Mutual Fund Investment -
Using SWP - Systematic Withdrawal Plan for Monthly Cash Flow...!
For investors needing a
monthly cash flow from their mutual fund corpus, systematic withdrawal plan
(SWP) is a tool that helps them meet that requirement. It can be implemented in
any open-ended mutual fund scheme.
1. How does SWP work?
SWP is a facility
through which investors can withdraw a fixed amount from a mutual fund scheme.
The frequency of withdrawal could be monthly or quarterly .
There is an option to
customise the withdrawal you may with draw just a fixed amount or even opt to
pull out just the gains on the investments.

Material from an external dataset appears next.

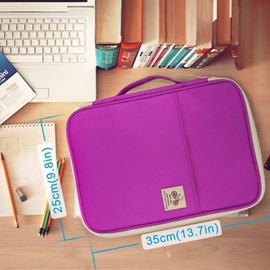 JAKAGO A4 Document Case,Multi-Pocket Document Bag,A4 Zip Portfolio, Professional Document Holder Suitable for Office,Business Trip,Travel,Conference,Interview,Holiday(Purple)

2. How is SWP better than the dividend option?
An SWP is more reliable
than a dividend plan when it comes to regular income. In the dividend plan of
an equity fund, both the quantum and frequency of dividend is not guaranteed,
and it largely depends on market movements & the profits that the asset
management company makes.
3. What about taxation?
The tax treatment of
each withdrawal under SWP will be the same as applicable to equity and debt
funds.
Hence, for units where
the period of holding is less than 12 months for equity funds, investors will
have to pay short-term capital gains tax. For debt funds, there will be a tax
liability on holding for less than 36 months, and long-term capital gains on
longer holding periods.
In addition to this,
investors also need to keep in mind the exit load of the scheme.
4. How do you start an SWP?
An SWP can be started
anytime.
You can start it while
investing in a fund. Also, you can activate the SWP option in a fund you
already hold. For that, you need to simply fill out an instruction slip with
the AMC stating the folio number, withdrawal frequency , date for the first
withdrawal and the bank account to credit the proceeds.